- **SUPPLIED DATA**

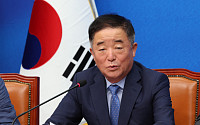 김민석, 민주연구원장에 강득구 전 최고위원 지명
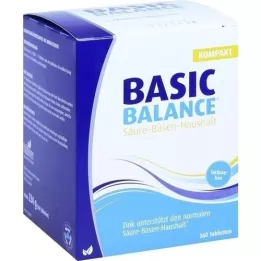 BASIC BALANCE Compact tablet, 360 τεμ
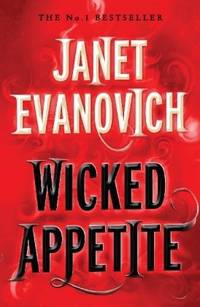 Wicked Appetite (Lizzy and Diesel Series #1)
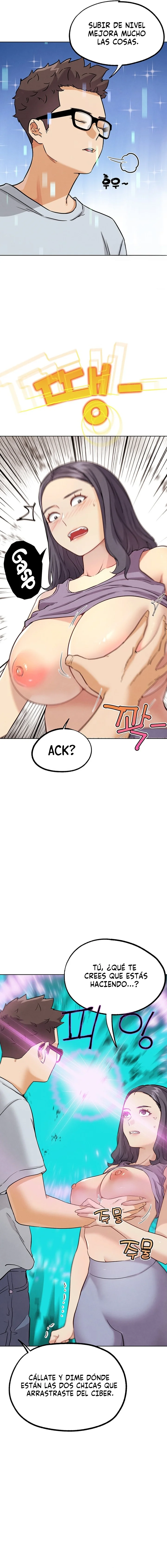 PvP en la vida real Capítulo 23 - Page 13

- **WHAT TO WORK ON**
Leaving every image behind, repeat the data in full and exactly.

- **EXPECTED ANSWER**
 김민석, 민주연구원장에 강득구 전 최고위원 지명
 BASIC BALANCE Compact tablet, 360 τεμ
 Wicked Appetite (Lizzy and Diesel Series #1)
 PvP en la vida real Capítulo 23 - Page 13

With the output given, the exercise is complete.